## Problem requirements
Pictures aside, quote the whole listing exactly.
===== The data =====
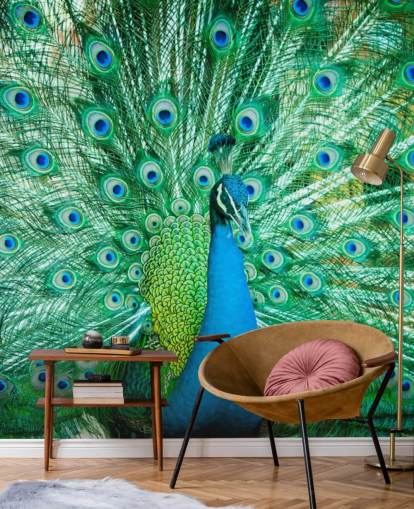 Portrait of Peacock with Feathers Out Mural 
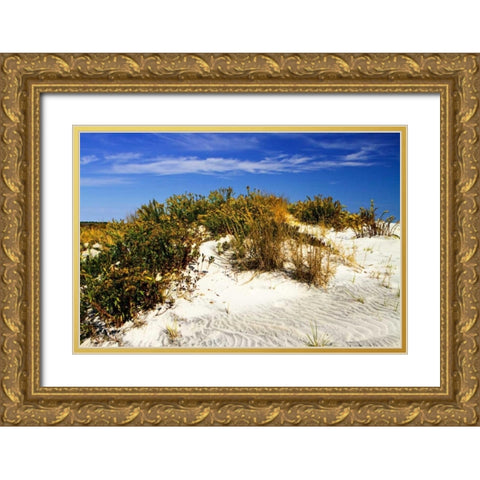 Assateague Beach I Gold Ornate Wood Framed Art Print with Double Matting by Hausenflock, Alan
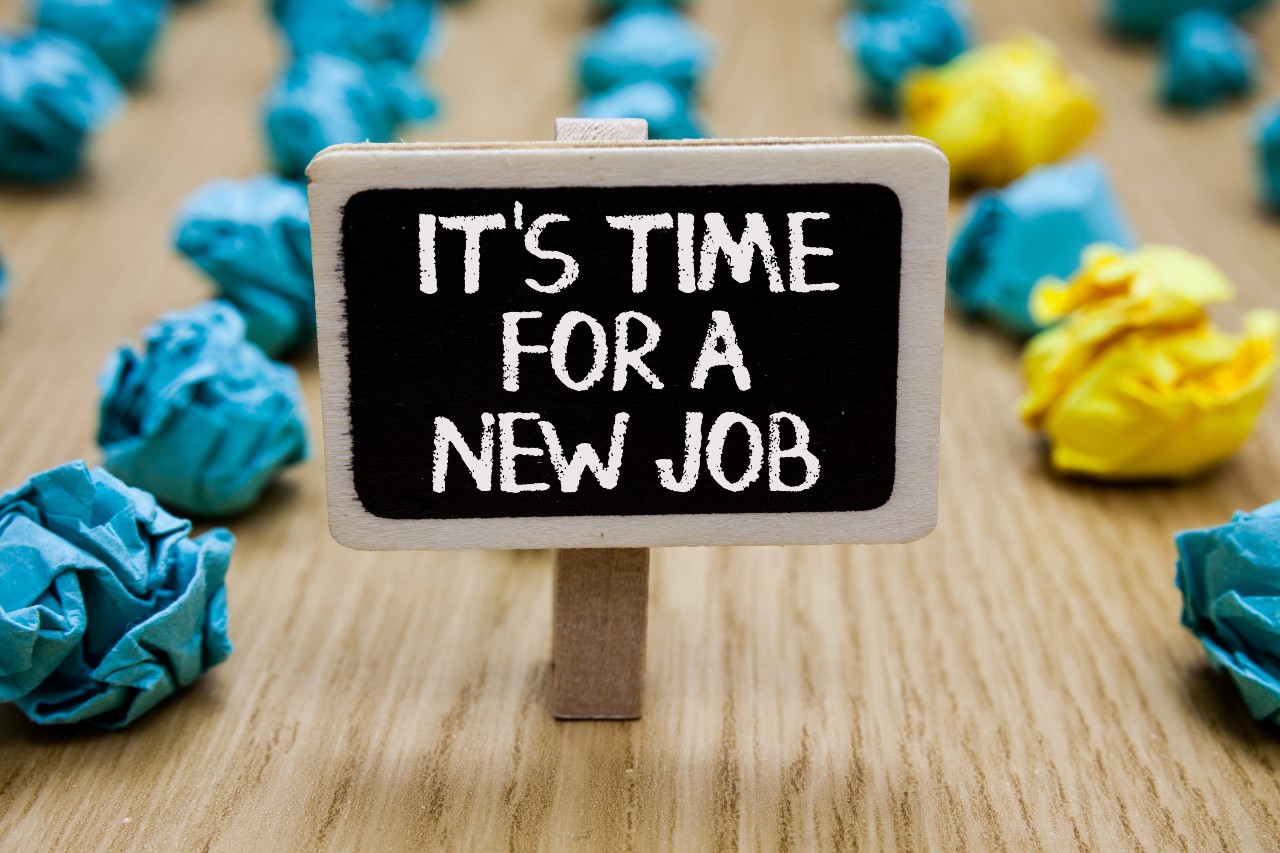 La CVthèque, c'est 100% cadres, 100% intérim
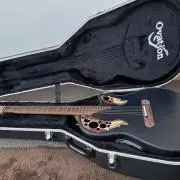 EPIPHONE エピフォンDR-100 NA ソフトケース及びピックアップ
=====
## Answer section
 Portrait of Peacock with Feathers Out Mural 
 Assateague Beach I Gold Ornate Wood Framed Art Print with Double Matting by Hausenflock, Alan
 La CVthèque, c'est 100% cadres, 100% intérim
 EPIPHONE エピフォンDR-100 NA ソフトケース及びピックアップ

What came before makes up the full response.